# [Problem statement]
The line with "GST Collections GST Collections" starts the range, and the last line of the listing ends it. Retype that range exactly, without pictures.

# [Data shown]
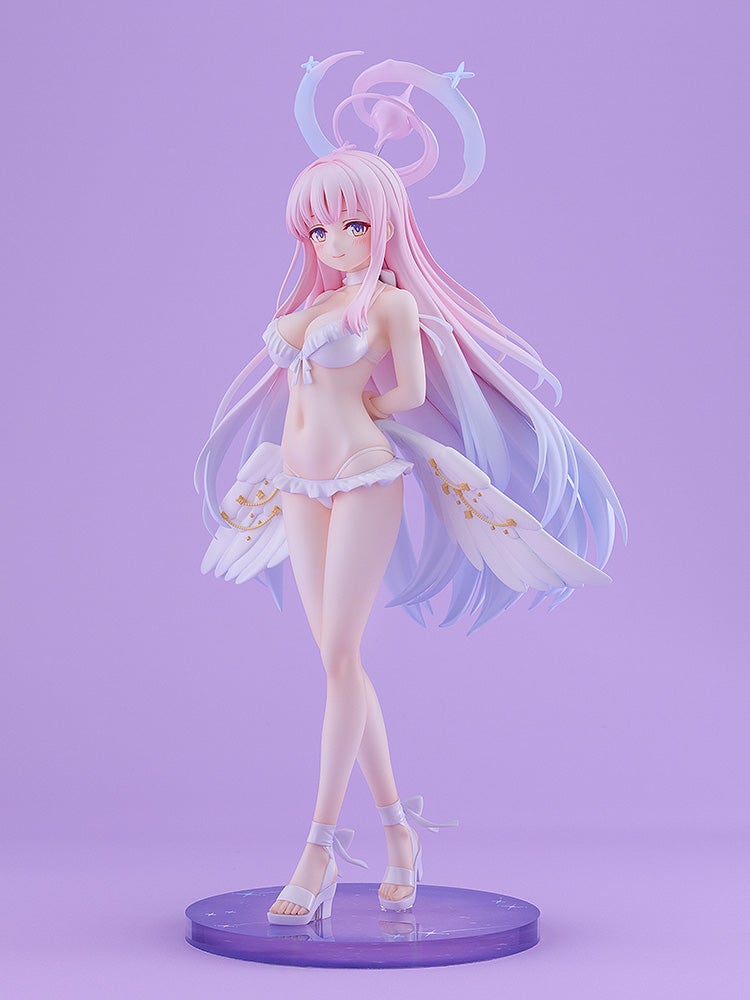 SPECIAL ORDER Good Smile Company - G.S. Collection - Blue Archive - Misono Mika: Swimsuit Ver. 1/7 [EXCLUSIVE]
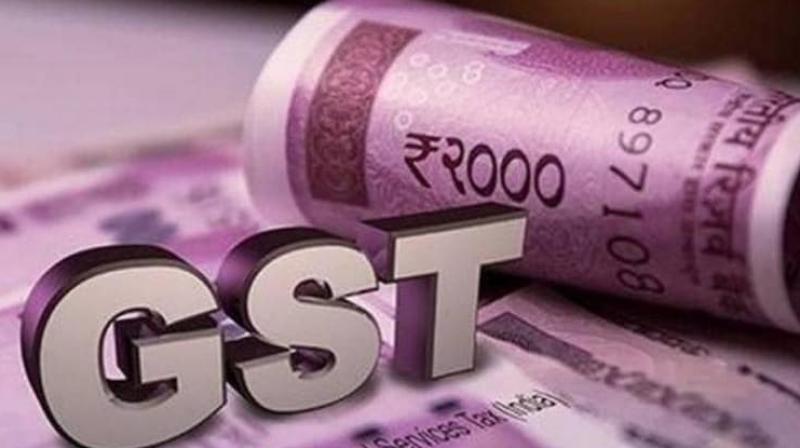 GST Collections GST Collections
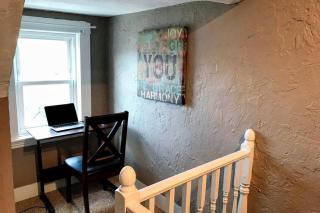 Executive Suite Loft - Harvard Allston Campus - 1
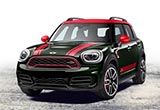 MINI JCW Crossover日本上市 售34.1萬元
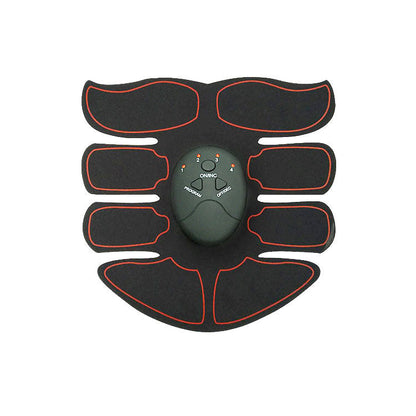 The Ultimate EMS Abs &amp; Muscle Trainer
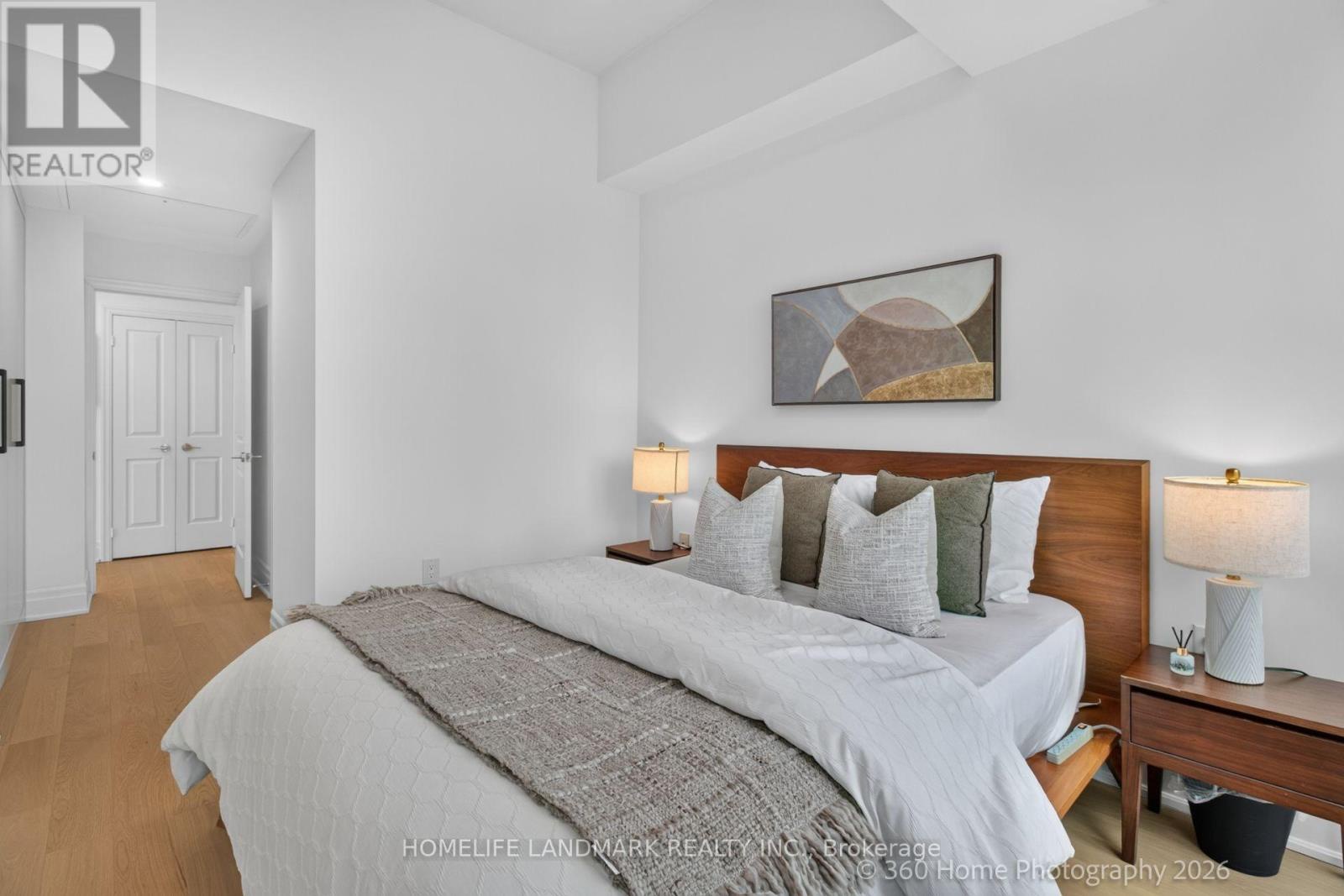 4804 - 8 The Esplanade, Toronto (waterfront Communities), Ontario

# [Response]
 GST Collections GST Collections
 Executive Suite Loft - Harvard Allston Campus - 1
 MINI JCW Crossover日本上市 售34.1萬元
 The Ultimate EMS Abs &amp; Muscle Trainer
 4804 - 8 The Esplanade, Toronto (waterfront Communities), Ontario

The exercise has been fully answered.